Database of endocrine disruptors focuses on experimental evidence

Analysis of substances suggests no correlation between chemical structure and biological effects

by K. V. Venkatasubramanian
August 21, 2019

Pie chart showing types of endocrine disruptor experiments.
Endocrine disruption evidence
DEDuCT classifies possible endocrine disruptors by the type of experiment in published studies.

A new database identifies 686 potential endocrine-disrupting chemicals (EDCs) based on published data from rodent and human studies.

Endocrine-disrupting chemicals interfere with the body’s regulatory system. Such chemicals can cause adverse developmental, immune, metabolic, neurological, and reproductive effects.

To create the Database of Endocrine Disrupting Chemicals and their Toxicity Profiles (DEDuCT), a team from India’s Institute of Mathematical Sciences (IMSc) computationally mined more than 16,000 published research articles to identify those with information on EDCs. The compounds included in DEDuCT are those that had in vivo rodent, in vitro human, or in vivo human experimental evidence for endocrine disruption (Sci. Total Environ. 2019, DOI: 10.1016/j.scitotenv.2019.07.225).

DEDuCT classifies the chemicals based on the type of experimental evidence, exposure sources, chemical structures, and physiological systems they affect. The database also includes the compounds’ known and predicted pharmacokinetic properties, including absorption, distribution, metabolism, excretion, and toxicity. In addition, it lists observed adverse effects with corresponding dosage information.

DEDuCT differs from other EDC databases by its focus on experimental evidence. The EDCs DataBank hosted by the University of Cartagena, for example, “has not evaluated the weight of experimental evidence in linked literature,” says DEDuCT team leader Areejit Samal, a computational biologist at IMSc.

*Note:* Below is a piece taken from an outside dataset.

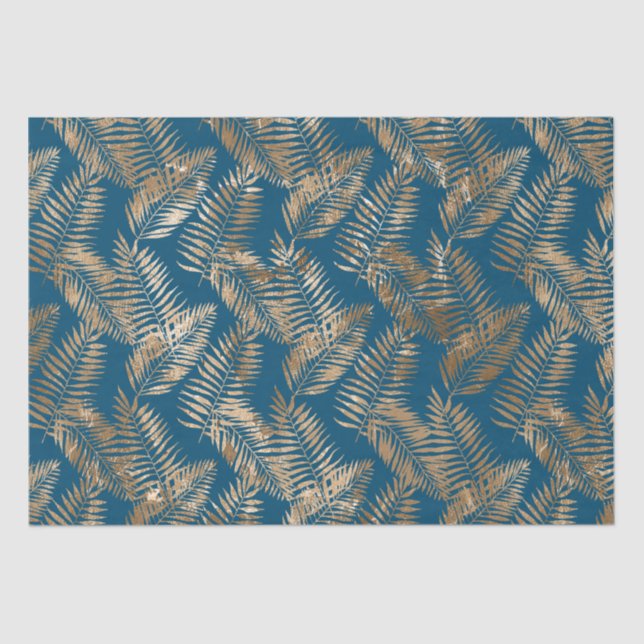Gold Blue Tropical Leaves Tissue Paper (Front)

The US Food and Drug Administration’s Endocrine Disruptor Knowledge Base is based on results from binding assays for endocrine receptor proteins. “We have ignored such evidence from binding assays or computational predictions as it does not completely capture potential downstream adverse effects upon EDC exposure,” Samal says.

Samal and colleagues used DEDuCT to look for correlations between chemical structures and target genes for EDCs. They found none, suggesting that efforts to develop structure-based computational models to predict endocrine disruption effects face significant challenges.

The DEDuCT effort is “herculean,” says Andrea C. Gore, a professor of pharmacology at the University of Texas at Austin. She notes that the lack of correlation between chemical structure and biological effects confirms what is known about endocrine disruption from animal and human studies. For example, her lab examines the effects of polychlorinated biphenyl compounds, “exposure to which affects expression of many genes in the developing brain. Most of these neurobiological effects occur downstream to binding or direct actions of EDCs, making a prediction of a gene target impossible,” she says.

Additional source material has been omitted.